Finding yourself in a hole, at the bottom of a hole,
in almost total solitude, and discovering that only writing can save you. To be
without the slightest subject for a book, the slightest idea for a book, is to
find yourself, once again, before a book. A vast emptiness. A possible book.
Before nothing. Before something like living, naked writing, like something
terrible, terrible to overcome.
When the past is recaptured by the imagination, breath
is put back into life.
Men like women who write. Even though they don't say
so. A writer is a foreign country.
--
from American Tony-winning actor Elizabeth W. Wilson (Sticks
and Bones); also noted for Patterns, The Threepenny Opera, Morning's at
Seven, Salonika, Nutcracker: Money, Madness & Murder (1921-2015):
When I was about 8, I used to go into one of the rooms
in the mansion, and I would open a magazine like the ‘Ladies Home Journal,’ and
I would see these characters on the pages and then become them, talking back
and forth.
I always felt the play came first. If it didn’t touch
me, I’d say forget the part.
I had no desire to be a star. I wanted to be a
character actress and be able to do all kinds of parts and work on a lot of
things. That was my unconscious choice. I wanted to be an undercover actress.
--
from American Grammy-winning poet, memoirist, and
civil rights activist Maya Angelou (On the Pulse of Morning, Phenomenal
Woman, A Song Flung Up to Heaven); also known for I Know Why the Caged
Bird Sings and Just Give Me a Cool Drink of Water 'fore I Diiie
(1918-2014):
There is no greater agony than bearing an untold story
inside you.
Music was my refuge. I could crawl into the space
between the notes and curl my back to loneliness.
Any book that helps a child to form a habit of
reading, to make reading one of his deep and continuing needs, is good for him.
You can only become truly accomplished at something
you love. Don’t make money your goal. Instead pursue the things you love doing
and then do them so well that people can’t take their eyes off of you.
--
from South African jazz trumpeter and composer Hugh
Masekela ("Grazing in the Grass," Sarafina! The Music of
Liberation, Jabulani); also noted for "Soweta Blues," "Bring
Him Back Home" (1939-2018):
I don't think any musician ever thinks about making a
statement. I think everybody goes into music loving it.

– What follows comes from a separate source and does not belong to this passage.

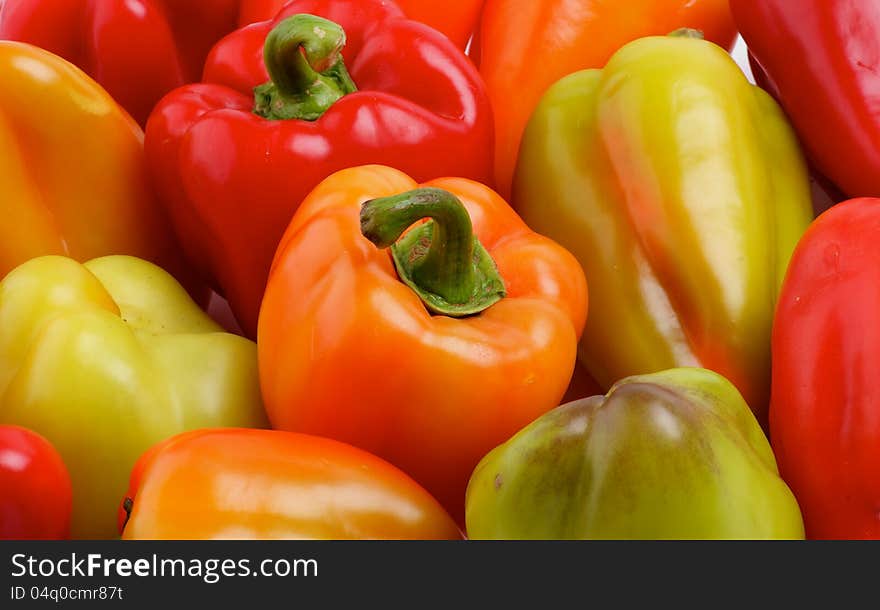 Red, Yellow, Orange and Green Bell Peppers Background close up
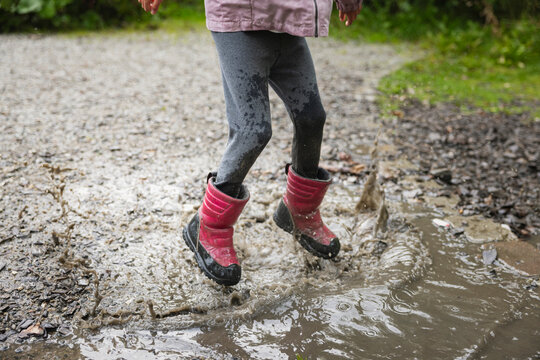 Low section of girl jumping in muddy water puddle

Whatever you go into, you have to go in there to be
the best. There's no formulas. It's all about passion and honesty and hard
work. It might look glamorous, but it takes a lot of hard work. The blessing
with the arts is that you can do it forever.
--
from Irish blues-rock guitarist Gary Moore (Skid Row,
Thin Lizzie, "Parisienne Walkways," Still Got the Blues, After
Hours) (1952-2011):
If you are an expressive player, people can feel that.
It is an emotional thing and becomes an extension of yourself.
Lots of kids when they get their first instrument
hammer away at it but they don't realise there are so many levels of dynamics
with a guitar. You can play one note on a guitar and it really gets to people
if it is the right note in the right place played by the right person.
I wasn't really worrying too much about what anybody
thought: if you do that you shut yourself down.
I think that a lot of people are going so wrong by analysing music too much and learning from a totally different perspective from the way I learned. I mean, I just learned by listening to people. People I learned from learned by listening to people.